Although the modular units 2 can be combined in almost any order to an integral system, there are certain successive sequences that make sense in the flow of the filling and can not be changed. For example, it is imperative that the device 12 for applying a closure is arranged on each container 5 after the apparatus 10 for counting the tablets and for introducing the tablets into the containers 5.

The device 6 for introducing the container 5 into the system serves to receive and separate the containers 5 into the transport system of the system, which will be described in detail later. By means of the device 8 for introducing a desiccant into each container 5, known desiccants are placed in the bottle-like containers 5 in order to reduce or maintain the moisture in the container 5 after its sealing to a defined extent. The apparatus 10 for counting tablets and for introducing the tablets into the containers 5 can be carried out in many different ways. In all known devices 10, the tablets are counted out of a reservoir and then filled into the container 5. It is important here that the correct amount of tablets gets into the container 5.

By the device 12 for applying a closure to each container 5, the container 5 are preferably torque controlled, each provided with a closure in which an aluminum seal may already be located. In the device 14 for sealing the closures to the container 5, the aluminum crucible is inductively heated and fused with the container 5. The device 16 for sorting out certain containers 5 and discharging the remaining containers 5 from the system ultimately serves to convey the containers 5 to a subsequent conveyor belt. In addition, here classified as unsuitable container 5 can be sorted out or removed container 5 for process control. It is necessary to provide certain sensors or cameras for monitoring tasks within the plant chain.

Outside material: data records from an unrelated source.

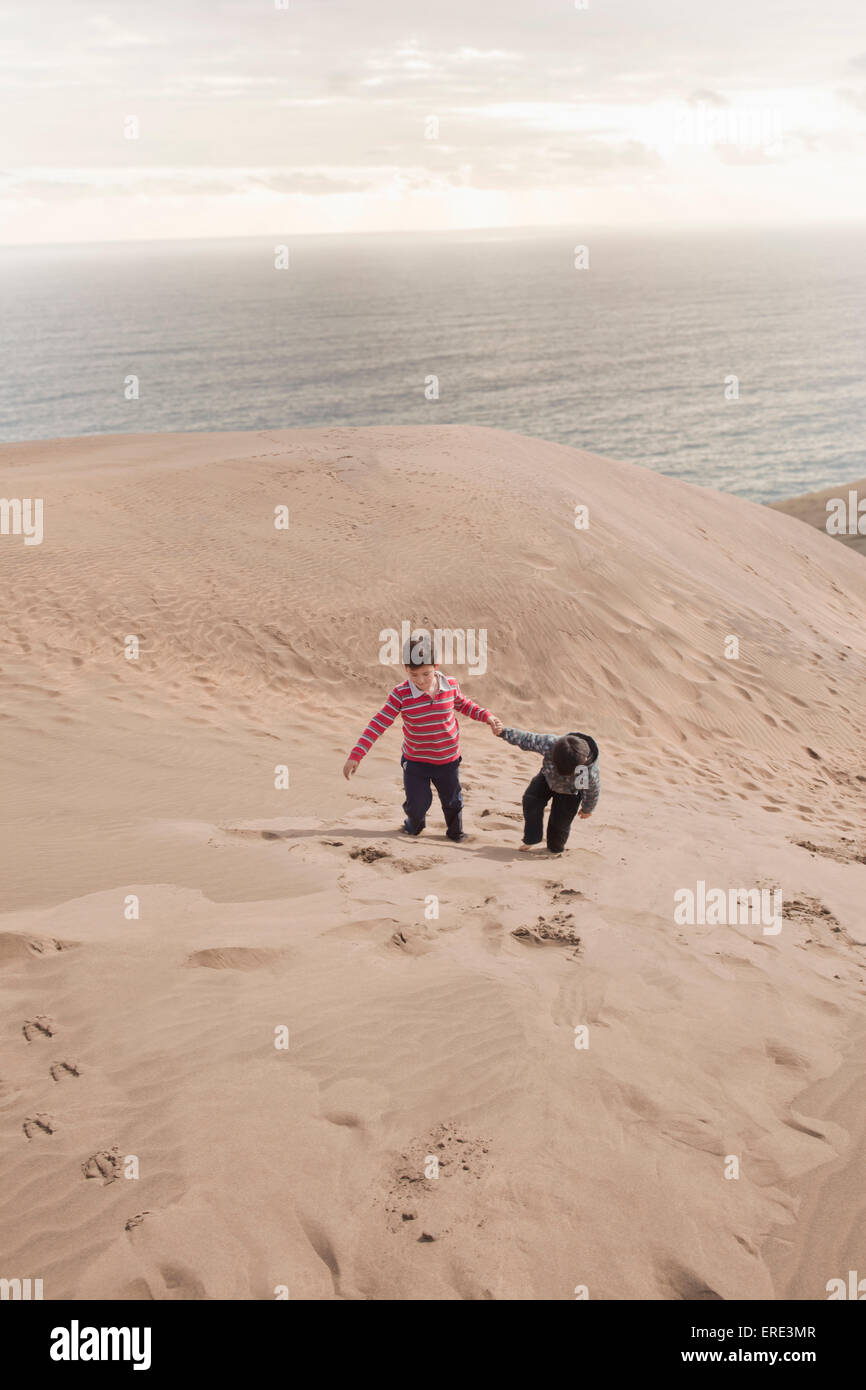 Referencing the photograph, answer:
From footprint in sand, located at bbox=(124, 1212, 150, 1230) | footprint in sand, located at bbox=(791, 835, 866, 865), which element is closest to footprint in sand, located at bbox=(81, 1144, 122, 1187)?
footprint in sand, located at bbox=(124, 1212, 150, 1230)

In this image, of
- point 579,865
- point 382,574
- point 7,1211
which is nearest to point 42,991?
point 7,1211

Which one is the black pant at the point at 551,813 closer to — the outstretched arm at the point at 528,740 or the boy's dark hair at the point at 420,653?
the outstretched arm at the point at 528,740

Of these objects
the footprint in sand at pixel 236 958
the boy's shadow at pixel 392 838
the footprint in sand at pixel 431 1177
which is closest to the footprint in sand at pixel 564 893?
the boy's shadow at pixel 392 838

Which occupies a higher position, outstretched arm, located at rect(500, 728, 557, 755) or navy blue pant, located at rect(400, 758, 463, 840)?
outstretched arm, located at rect(500, 728, 557, 755)

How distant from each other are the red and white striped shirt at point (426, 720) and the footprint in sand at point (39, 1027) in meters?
2.90

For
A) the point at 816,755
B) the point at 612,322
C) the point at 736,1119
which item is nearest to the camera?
the point at 736,1119

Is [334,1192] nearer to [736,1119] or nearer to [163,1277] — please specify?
[163,1277]

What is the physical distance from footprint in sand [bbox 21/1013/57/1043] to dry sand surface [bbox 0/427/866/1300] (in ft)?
0.07

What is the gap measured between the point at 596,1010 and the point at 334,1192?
1763 mm

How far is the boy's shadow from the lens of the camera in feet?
22.3

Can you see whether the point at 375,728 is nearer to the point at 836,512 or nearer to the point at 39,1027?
the point at 39,1027

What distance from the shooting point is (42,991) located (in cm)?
435

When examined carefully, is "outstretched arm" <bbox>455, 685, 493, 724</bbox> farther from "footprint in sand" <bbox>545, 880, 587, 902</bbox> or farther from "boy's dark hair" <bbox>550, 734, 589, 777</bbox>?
"footprint in sand" <bbox>545, 880, 587, 902</bbox>

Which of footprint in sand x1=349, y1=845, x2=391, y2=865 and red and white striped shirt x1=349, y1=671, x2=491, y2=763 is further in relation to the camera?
red and white striped shirt x1=349, y1=671, x2=491, y2=763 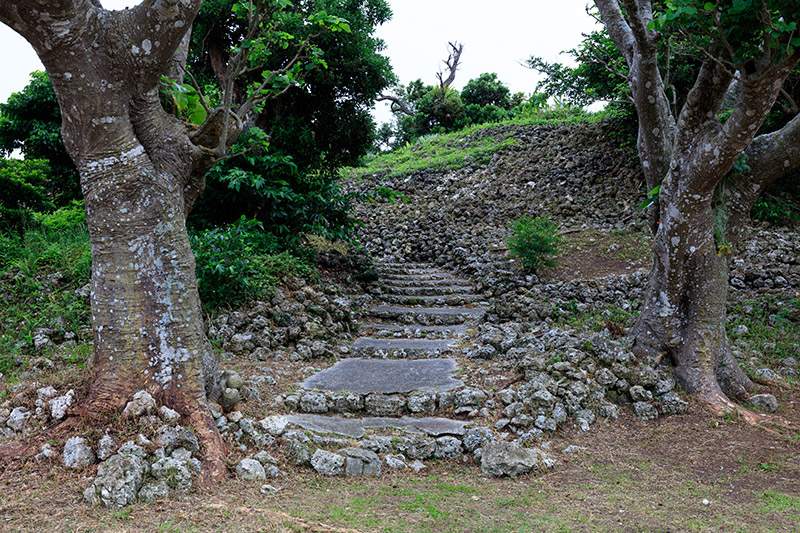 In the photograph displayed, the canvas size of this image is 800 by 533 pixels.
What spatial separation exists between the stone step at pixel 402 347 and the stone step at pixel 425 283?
257 cm

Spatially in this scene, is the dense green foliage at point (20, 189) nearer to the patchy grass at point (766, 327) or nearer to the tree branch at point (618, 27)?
the tree branch at point (618, 27)

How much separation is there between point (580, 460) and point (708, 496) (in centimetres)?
79

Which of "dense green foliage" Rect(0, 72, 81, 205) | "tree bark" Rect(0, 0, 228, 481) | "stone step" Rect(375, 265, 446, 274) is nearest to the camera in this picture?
"tree bark" Rect(0, 0, 228, 481)

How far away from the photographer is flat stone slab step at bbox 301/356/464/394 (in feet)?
15.3

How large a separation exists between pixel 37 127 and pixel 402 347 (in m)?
7.26

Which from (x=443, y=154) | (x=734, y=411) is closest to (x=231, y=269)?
(x=734, y=411)

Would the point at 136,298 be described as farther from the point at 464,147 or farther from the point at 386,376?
the point at 464,147

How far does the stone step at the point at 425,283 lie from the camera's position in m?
9.14

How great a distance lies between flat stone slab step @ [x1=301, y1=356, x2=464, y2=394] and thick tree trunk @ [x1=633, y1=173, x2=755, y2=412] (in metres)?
2.05

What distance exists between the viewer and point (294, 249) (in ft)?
26.1

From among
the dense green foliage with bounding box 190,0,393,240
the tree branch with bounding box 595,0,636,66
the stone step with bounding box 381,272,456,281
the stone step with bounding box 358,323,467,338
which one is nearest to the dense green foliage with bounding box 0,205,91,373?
the dense green foliage with bounding box 190,0,393,240

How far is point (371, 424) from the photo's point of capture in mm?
3990

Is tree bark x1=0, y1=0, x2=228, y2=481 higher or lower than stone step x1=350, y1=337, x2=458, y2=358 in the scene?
higher

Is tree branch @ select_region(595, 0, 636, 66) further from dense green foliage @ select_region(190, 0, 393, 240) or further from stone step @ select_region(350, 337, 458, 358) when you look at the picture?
dense green foliage @ select_region(190, 0, 393, 240)
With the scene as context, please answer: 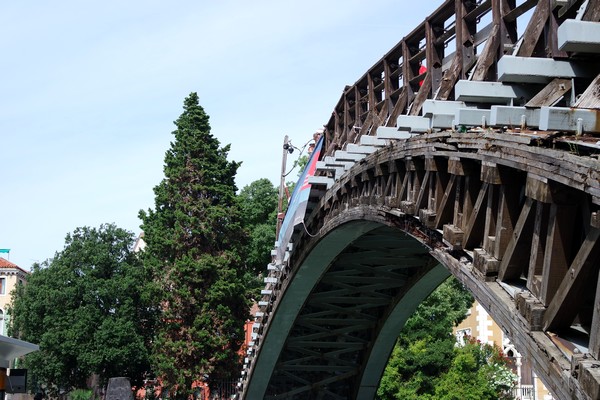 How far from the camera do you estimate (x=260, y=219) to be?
4956cm

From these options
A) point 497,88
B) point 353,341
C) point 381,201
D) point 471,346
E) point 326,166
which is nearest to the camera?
point 497,88

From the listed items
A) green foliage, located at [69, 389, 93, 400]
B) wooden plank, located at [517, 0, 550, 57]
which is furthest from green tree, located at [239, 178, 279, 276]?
wooden plank, located at [517, 0, 550, 57]

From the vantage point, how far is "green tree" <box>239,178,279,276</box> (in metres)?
46.1

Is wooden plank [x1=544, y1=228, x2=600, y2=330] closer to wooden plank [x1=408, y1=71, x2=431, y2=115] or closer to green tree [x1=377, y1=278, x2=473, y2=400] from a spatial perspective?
wooden plank [x1=408, y1=71, x2=431, y2=115]

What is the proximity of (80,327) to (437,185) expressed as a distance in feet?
110

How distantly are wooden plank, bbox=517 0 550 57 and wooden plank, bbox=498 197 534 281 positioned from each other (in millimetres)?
1988

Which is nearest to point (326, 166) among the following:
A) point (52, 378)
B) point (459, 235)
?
point (459, 235)

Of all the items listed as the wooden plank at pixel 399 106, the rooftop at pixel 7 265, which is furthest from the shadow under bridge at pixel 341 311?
the rooftop at pixel 7 265

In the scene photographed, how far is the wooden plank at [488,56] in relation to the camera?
37.1ft

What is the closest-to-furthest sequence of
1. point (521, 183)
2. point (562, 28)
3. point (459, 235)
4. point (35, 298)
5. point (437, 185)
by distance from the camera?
point (562, 28) < point (521, 183) < point (459, 235) < point (437, 185) < point (35, 298)

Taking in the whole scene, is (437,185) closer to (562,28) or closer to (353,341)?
(562,28)

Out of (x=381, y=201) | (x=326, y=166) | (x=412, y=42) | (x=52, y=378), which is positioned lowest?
(x=52, y=378)

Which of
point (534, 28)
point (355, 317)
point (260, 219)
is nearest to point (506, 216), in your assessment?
point (534, 28)

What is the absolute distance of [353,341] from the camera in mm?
29953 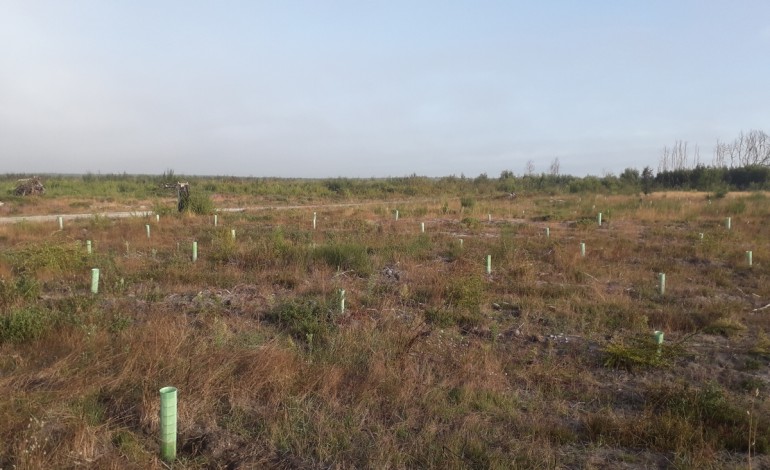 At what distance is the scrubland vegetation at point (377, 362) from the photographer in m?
3.22

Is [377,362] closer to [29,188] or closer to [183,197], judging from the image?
[183,197]

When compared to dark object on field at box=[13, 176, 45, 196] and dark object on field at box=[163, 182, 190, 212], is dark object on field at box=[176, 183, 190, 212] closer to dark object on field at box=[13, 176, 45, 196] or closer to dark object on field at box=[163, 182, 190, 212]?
dark object on field at box=[163, 182, 190, 212]

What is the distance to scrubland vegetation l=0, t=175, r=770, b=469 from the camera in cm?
322

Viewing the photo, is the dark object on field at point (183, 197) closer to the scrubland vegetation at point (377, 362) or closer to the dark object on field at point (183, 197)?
the dark object on field at point (183, 197)

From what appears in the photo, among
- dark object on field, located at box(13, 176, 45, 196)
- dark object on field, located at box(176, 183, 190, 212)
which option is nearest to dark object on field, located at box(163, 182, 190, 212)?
dark object on field, located at box(176, 183, 190, 212)

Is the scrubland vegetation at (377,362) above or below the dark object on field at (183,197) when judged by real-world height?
below

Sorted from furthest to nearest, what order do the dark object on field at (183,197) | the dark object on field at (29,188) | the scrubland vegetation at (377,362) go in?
the dark object on field at (29,188) → the dark object on field at (183,197) → the scrubland vegetation at (377,362)

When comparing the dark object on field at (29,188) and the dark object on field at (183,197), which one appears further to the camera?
the dark object on field at (29,188)

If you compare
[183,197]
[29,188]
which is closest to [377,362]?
[183,197]

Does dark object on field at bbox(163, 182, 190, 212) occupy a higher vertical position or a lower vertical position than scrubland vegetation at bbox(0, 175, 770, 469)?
higher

In Fig. 2 For example, a housing 4 of a standardized modular unit 2 is illustrated in an example of a unitary design without internals. The housing 4 has a roof 18 which is suitable for the integration of various attachments. For this purpose, for example, receptacles 20 are provided for various structures and attachments in the roof, for example, for devices for dry air, certain lighting or suction. In addition, a central area of the roof 18 is designed removable. In the vertical side areas of the roof 18 bushings 22 are provided in which cables and hoses can be passed to the neighboring module. At least at the front and the back of the modular unit 2 protective doors 24 or protective windows are arranged. These are preferably interchangeable to allow flexible intervention. At least in some areas, the protective doors 24 are preferably designed to be transparent. It makes sense if at least partially at transitions between two modular units 2 and in particular at the beginning and at the end of the system also laterally corresponding protective windows or protective doors 24 are arranged. In such a configuration, it is possible, the tablets from the count to the sealing of the container 5 in a transport protected area. It is also possible to isolate particularly sensitive areas of the plant by applying different pressure levels in adjacent modular units 2 of environmental influences. Thus, the system can even be operated in a clean room lesser class.

About one third of the height of the housing 4, a table top 26 is arranged, which divides the interior of the housing 4 in an upper and a lower region. In the upper area, a transport device 28 described in more detail later for the containers 5 and other active components of the respective device 6, 8, 10, 12, 14, 16 is usually accommodated. Below the table top 26, for example, the mechanics and the wiring for the devices are added, with different attachment points for corresponding internals are also provided here.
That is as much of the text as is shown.